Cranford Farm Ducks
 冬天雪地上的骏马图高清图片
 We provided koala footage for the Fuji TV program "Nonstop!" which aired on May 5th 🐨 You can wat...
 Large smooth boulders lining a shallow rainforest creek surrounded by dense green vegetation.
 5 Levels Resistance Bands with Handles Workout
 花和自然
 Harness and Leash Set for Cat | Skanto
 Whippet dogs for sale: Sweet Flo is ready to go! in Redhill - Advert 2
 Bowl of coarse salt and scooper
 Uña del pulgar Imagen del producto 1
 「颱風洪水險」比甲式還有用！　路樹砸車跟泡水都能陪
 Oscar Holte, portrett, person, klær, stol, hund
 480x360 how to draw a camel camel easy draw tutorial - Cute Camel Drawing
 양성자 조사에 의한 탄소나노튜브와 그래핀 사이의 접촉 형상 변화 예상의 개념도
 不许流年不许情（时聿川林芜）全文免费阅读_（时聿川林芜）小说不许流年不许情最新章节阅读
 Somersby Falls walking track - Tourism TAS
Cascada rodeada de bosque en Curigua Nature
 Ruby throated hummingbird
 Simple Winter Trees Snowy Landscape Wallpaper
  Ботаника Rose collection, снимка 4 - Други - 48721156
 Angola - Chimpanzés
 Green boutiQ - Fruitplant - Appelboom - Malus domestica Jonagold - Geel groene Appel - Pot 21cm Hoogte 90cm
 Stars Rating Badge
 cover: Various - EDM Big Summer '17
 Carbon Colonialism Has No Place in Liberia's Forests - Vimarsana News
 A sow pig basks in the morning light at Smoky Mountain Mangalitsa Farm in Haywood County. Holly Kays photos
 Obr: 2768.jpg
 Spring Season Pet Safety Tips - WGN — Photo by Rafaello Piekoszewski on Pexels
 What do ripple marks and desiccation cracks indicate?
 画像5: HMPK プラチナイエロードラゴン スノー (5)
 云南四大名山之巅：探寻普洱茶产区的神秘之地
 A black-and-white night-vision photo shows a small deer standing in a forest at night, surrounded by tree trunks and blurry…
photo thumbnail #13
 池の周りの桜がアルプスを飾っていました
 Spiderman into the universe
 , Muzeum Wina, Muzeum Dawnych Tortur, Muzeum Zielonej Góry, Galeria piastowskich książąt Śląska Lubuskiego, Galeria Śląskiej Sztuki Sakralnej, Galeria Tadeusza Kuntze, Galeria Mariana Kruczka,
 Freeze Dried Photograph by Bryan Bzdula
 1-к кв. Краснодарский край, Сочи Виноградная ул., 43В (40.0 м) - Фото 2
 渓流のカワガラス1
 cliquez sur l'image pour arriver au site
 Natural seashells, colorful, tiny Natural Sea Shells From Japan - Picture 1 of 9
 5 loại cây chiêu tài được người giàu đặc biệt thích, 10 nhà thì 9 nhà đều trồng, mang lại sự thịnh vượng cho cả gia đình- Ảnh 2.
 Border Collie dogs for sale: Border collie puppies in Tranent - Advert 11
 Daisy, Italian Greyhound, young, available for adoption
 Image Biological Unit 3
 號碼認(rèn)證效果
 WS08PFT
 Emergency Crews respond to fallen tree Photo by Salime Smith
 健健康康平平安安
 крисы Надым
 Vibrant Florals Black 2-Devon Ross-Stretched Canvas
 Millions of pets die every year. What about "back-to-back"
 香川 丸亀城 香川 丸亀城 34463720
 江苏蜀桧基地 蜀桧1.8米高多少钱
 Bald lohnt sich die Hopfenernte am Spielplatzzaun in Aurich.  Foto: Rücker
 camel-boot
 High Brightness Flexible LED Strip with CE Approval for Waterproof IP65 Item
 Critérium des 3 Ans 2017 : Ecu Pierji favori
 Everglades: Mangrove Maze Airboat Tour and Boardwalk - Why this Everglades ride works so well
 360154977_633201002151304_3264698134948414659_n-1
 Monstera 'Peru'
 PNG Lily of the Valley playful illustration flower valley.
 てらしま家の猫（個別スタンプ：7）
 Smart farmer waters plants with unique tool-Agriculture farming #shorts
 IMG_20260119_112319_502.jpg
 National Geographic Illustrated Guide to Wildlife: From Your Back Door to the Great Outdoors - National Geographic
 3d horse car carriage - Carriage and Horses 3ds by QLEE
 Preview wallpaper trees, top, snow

#####

» Your assignment
Please return the lines above exactly, from the first one down to the line with "Harness and Leash Set for Cat | Skanto", and stop after that line.

» Output for this exercise
Cranford Farm Ducks
 冬天雪地上的骏马图高清图片
 We provided koala footage for the Fuji TV program "Nonstop!" which aired on May 5th 🐨 You can wat...
 Large smooth boulders lining a shallow rainforest creek surrounded by dense green vegetation.
 5 Levels Resistance Bands with Handles Workout
 花和自然
 Harness and Leash Set for Cat | Skanto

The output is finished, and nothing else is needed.